The Lexington Herald Leader, January 11, 2013: (Op-Ed) Move beyond test mania; bring sanity back into schools
"This entire testing mania came about because children from poverty were not succeeding in school as well as middle-class children. So, without research or analysis, politicians decided that the problem was teachers. They decided that if we test the children and publish the scores, it will shame teachers into doing a better job and prompt the public to demand better. For a decade now we have tried it, and it hasn't worked. The gap between kids from poverty and the middle class remains, but the aftermath has been disastrous."
The New York Post, January 11, 2013: Poor 'hoods have lousy teachers
"Teachers who got bad-performance ratings in the past school year were likelier to be teaching in high-poverty schools or in schools with high percentages of black, Hispanic or low-achieving students, a new analysis found. The StudentsFirstNY report on the roughly 3 percent of teachers who were rated unsatisfactory' - known as a U-rating' - for the 2011-12 school year found that they were distributed unequally throughout the system."
Bangor Daily News, January 11, 2013: Rural hospitals, prescription aid for seniors suffer cuts in LePage's proposed budget
"LePage's first two-year budget, introduced two years ago, targeted the state's welfare programs more heavily. It allowed the state to cut off food stamps, or TANF benefits, to drug felons convicted within the past 20 years who failed a series of drug tests. The state, however, hasn't implemented that provision of the budget, citing potential implementation costs and the potential that courts won't allow drug testing as a condition for receiving welfare benefits. Apart from the budget proposal, the LePage administration is proposing to prohibit convicted drug felons from receiving TANF benefits."

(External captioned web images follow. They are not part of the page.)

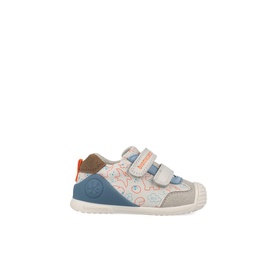 Printed Dual Strap Trainers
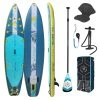 PACK (PLANCHE, POMPE, PAGAIE) STAND UP PADDLE GONFLABLE WATTSUP SILV 11'6 COMBO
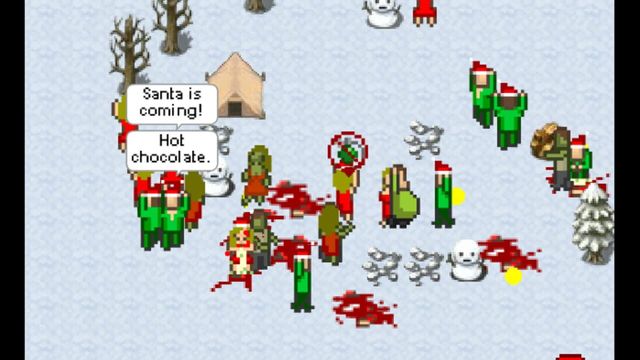 Infectonator: Christmas Screenshot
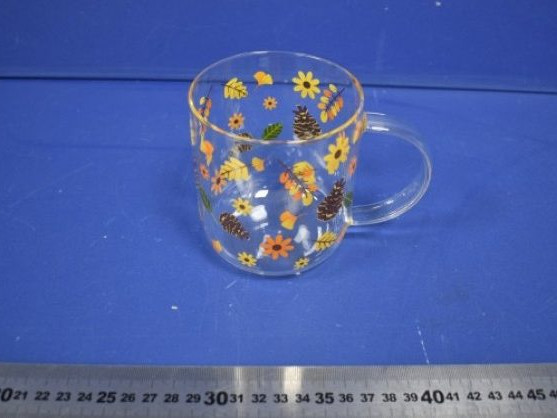 Na snímke nebezpečný pohár.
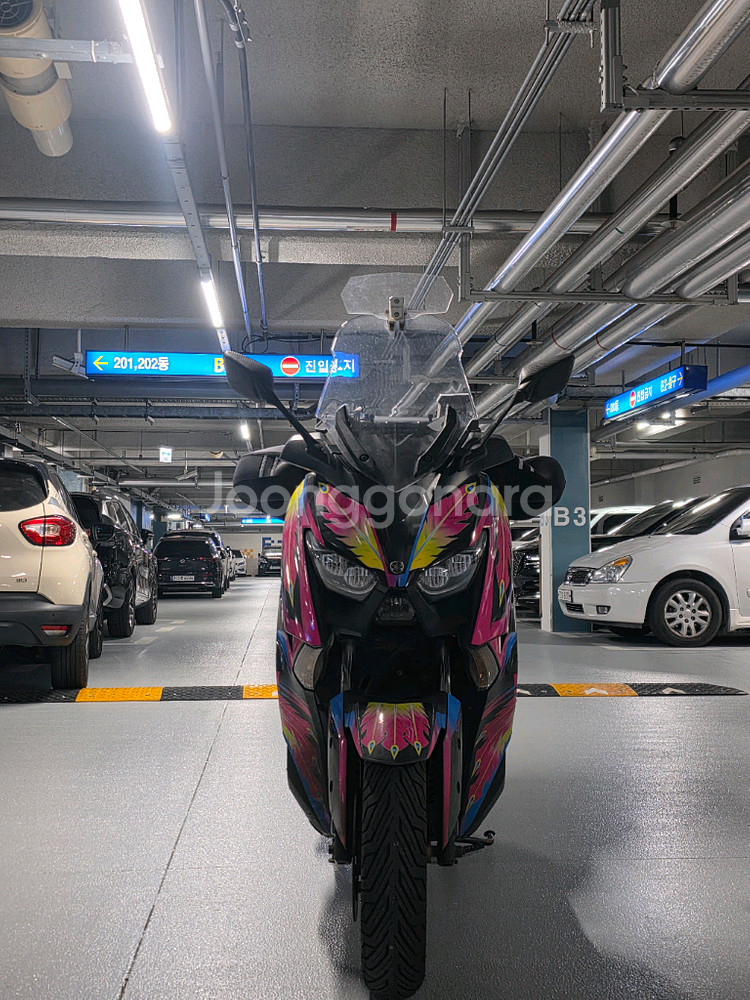 22년식 야마하 XMAX 300 스쿠터 판매합니다--0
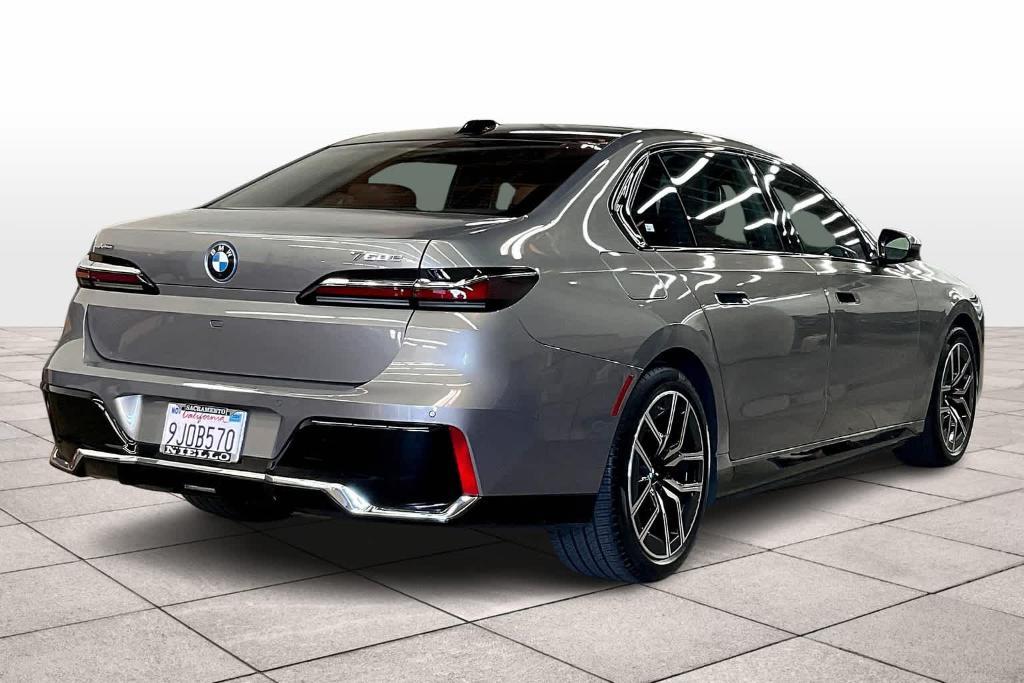 used 2024 BMW 750e car, priced at $81,991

Daily News, January 11, 2013: (Editorial) Mulgrew's dirty secret
"None should be able to sleep at night knowing that high-poverty schools, which employ 45% of the city's teachers, are stuck with 54% of the instructors who received unsatisfactory ratings in the 2011-12 school year. At low-poverty schools, where 15% of the teaching force works, just 7% got U ratings last year."
Kansas City Business Journal, January 11, 2013: Increase in reduced school lunches reflects rising poverty
"Poverty among schoolchildren in Kansas and Missouri is on the rise, according to statistics from the National School Lunch Program. Administered by the U.S. Department of Agriculture, the program tracks student eligibility for free or reduced-priced meals offered to low-income families."